NES Dragon Warrior as rhythm game

https://www.twitch.tv/nescardinality/v/73640647

Just 6 months ago, the speedrun world record for NES Dragon Warrior – which was considered highly optimized – was over 5 hours. The latest WR above is 42 minutes. How this happened is fascinating to me. I’ve always had an interest in this game because of how pure it is, and I’ve also appreciated rhythm games for their purity. It turns out that there is a rhythm game contained within Dragon Warrior, which only is revealed by attempting to master the game to the highest degree.

Dragon Warrior has a 16-frame rule, which means that inputs are only processed every 250ms. All inputs in Dragon Warrior are bufferable (can be held in advance of processing).
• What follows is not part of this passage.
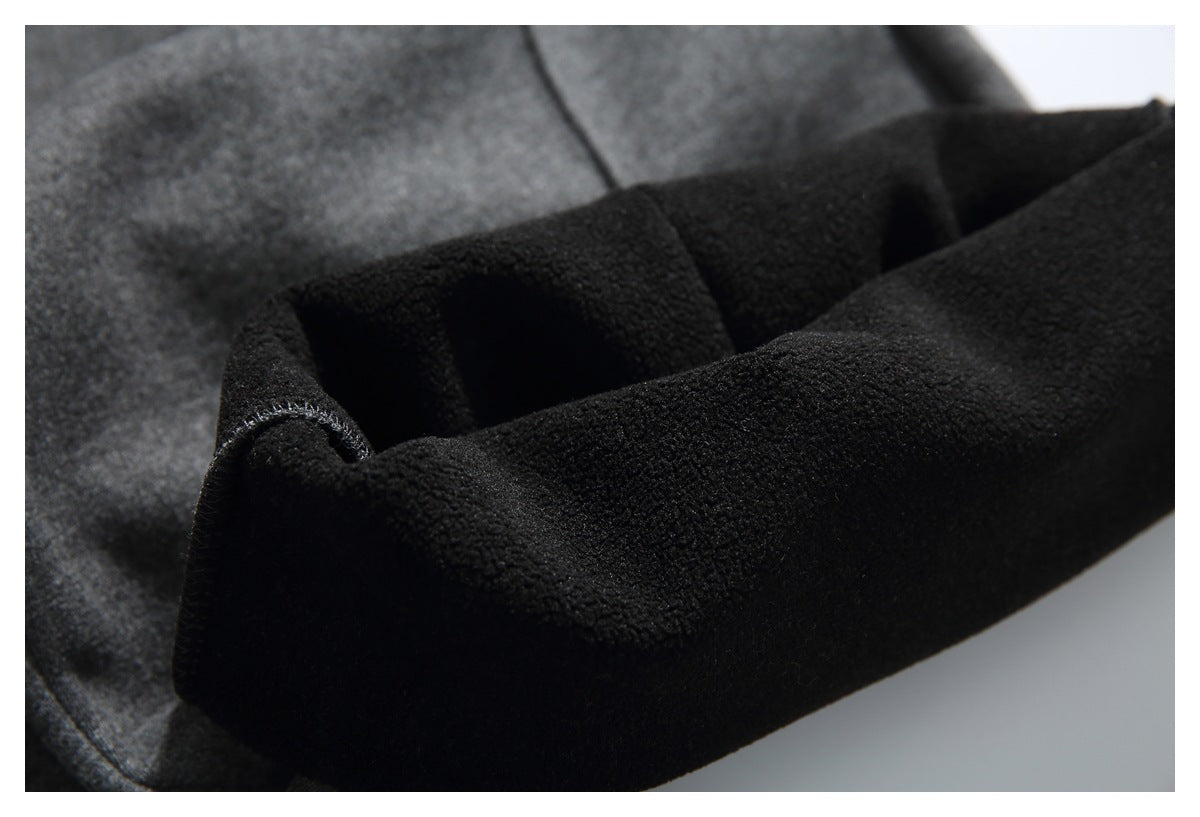Close-up of the black plush inner lining inside a folded charcoal gray pant leg.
Dragon Warrior RNG counter increments every frame and there are no special adjustments to the RNG outcomes like later RPGs do for the sake of fairness/pacing. RNG seed is initialized at save file load and is based on your gold and experience count. The upshot is that the entire game can be planned ahead (using emulator save states and RAM examination, even though the end result is on a real NES) to “magically” get perfect encounter and crit luck. All the player has to do is to enter memorized inputs at the appropriate times, to quarter-second precision, for 40 minutes.

At first, this method was only used to kill metal slimes. Then, it was used to kill Axe Knight. A few months later, the final breakthrough was the “bonk counting” technique allowing dark dungeon traversal, allowing the entire game to be rhythmized.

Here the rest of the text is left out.